Short web captions:
Segment Open

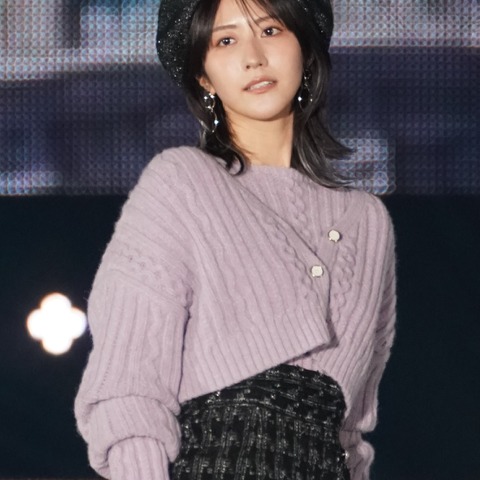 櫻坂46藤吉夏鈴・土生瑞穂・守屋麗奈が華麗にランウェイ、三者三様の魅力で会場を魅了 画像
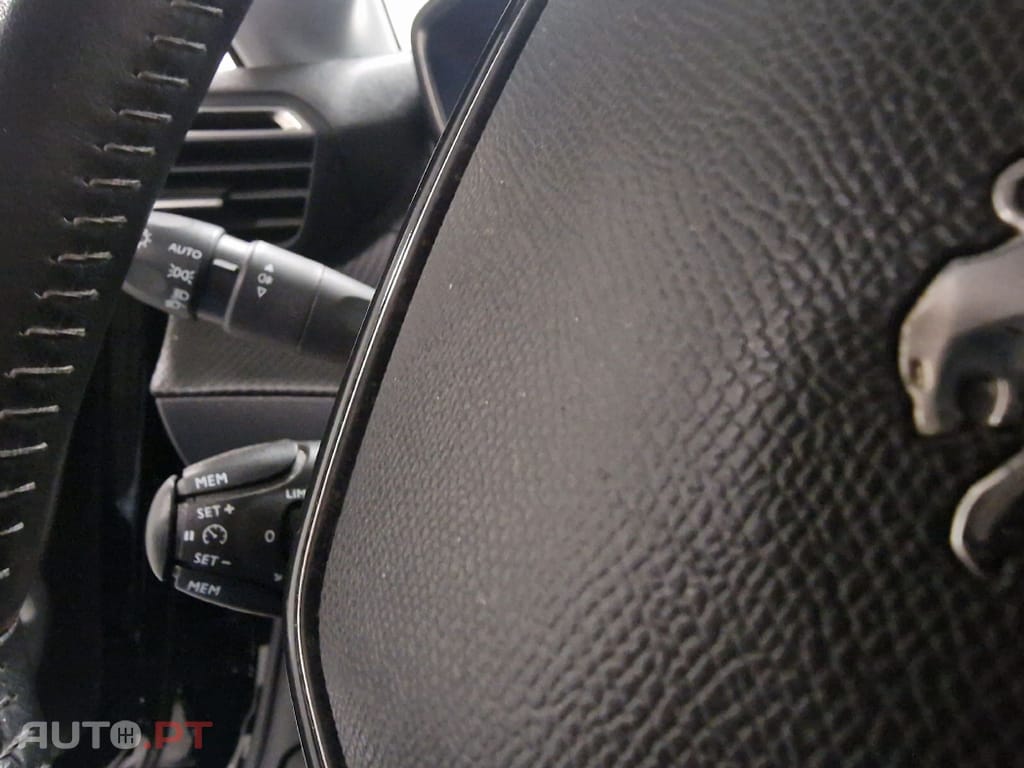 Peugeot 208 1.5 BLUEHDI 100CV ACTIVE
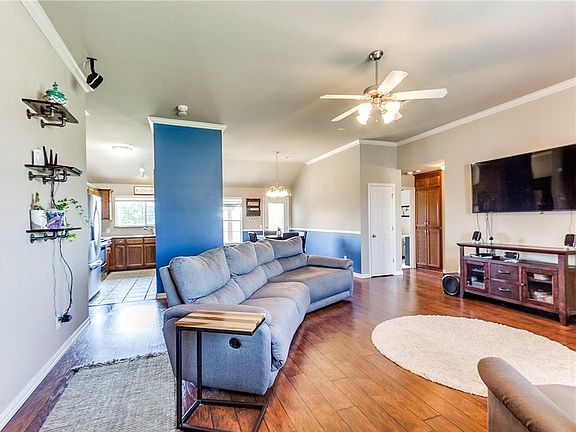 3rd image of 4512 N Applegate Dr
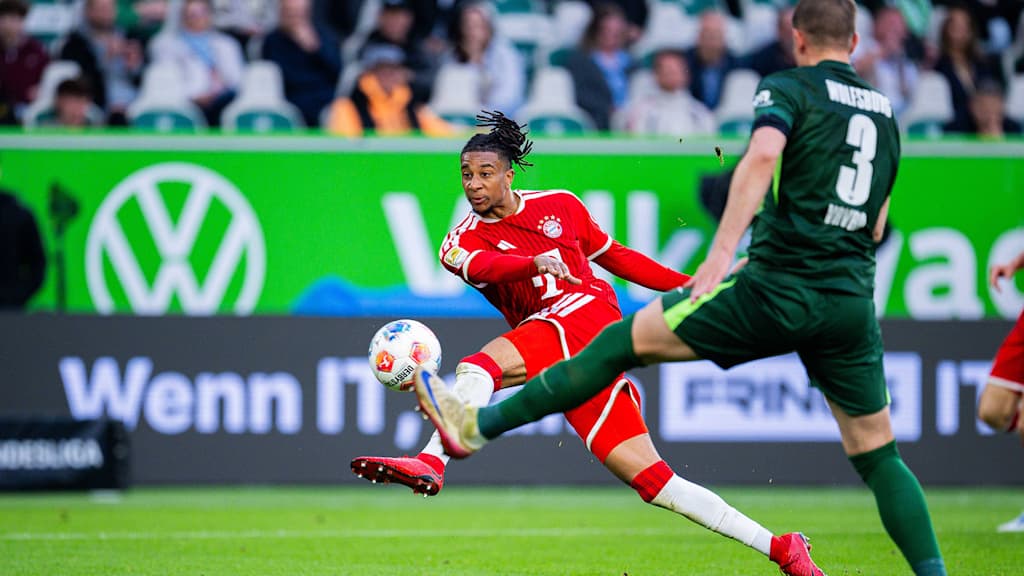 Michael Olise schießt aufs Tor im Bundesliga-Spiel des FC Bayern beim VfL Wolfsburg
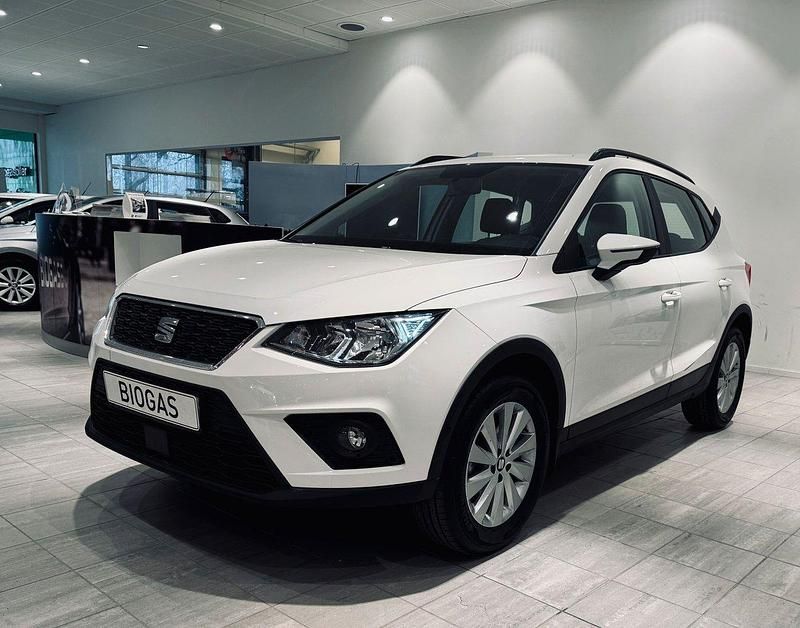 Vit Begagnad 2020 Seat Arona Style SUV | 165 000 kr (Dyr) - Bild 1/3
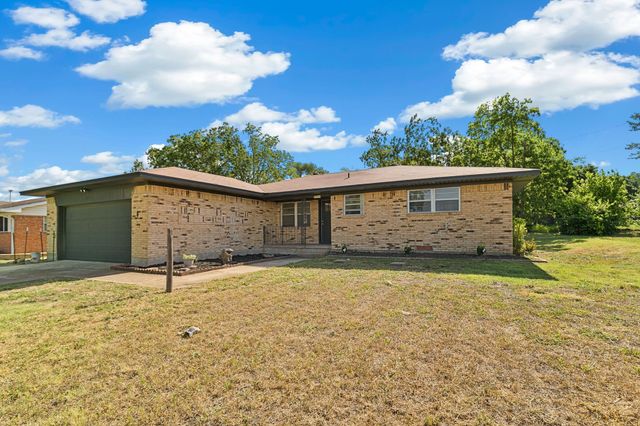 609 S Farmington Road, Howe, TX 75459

Segment Closed
Segment Open

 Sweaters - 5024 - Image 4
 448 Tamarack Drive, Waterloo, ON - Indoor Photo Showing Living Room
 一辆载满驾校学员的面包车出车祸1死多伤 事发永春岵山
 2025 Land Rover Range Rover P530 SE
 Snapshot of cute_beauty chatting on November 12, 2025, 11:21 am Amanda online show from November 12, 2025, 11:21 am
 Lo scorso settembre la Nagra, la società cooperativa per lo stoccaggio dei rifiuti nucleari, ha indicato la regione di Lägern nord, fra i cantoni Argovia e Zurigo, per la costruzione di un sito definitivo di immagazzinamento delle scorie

Segment Closed

[WHAT IS NEEDED] Above, find the line holding "Michael Olise schießt" and the line holding "609 S Farmington Road, Howe, TX 75459". Print exactly those two lines and every line between them, but no pictures.

[OUTPUT]
 Michael Olise schießt aufs Tor im Bundesliga-Spiel des FC Bayern beim VfL Wolfsburg
 Vit Begagnad 2020 Seat Arona Style SUV | 165 000 kr (Dyr) - Bild 1/3
 609 S Farmington Road, Howe, TX 75459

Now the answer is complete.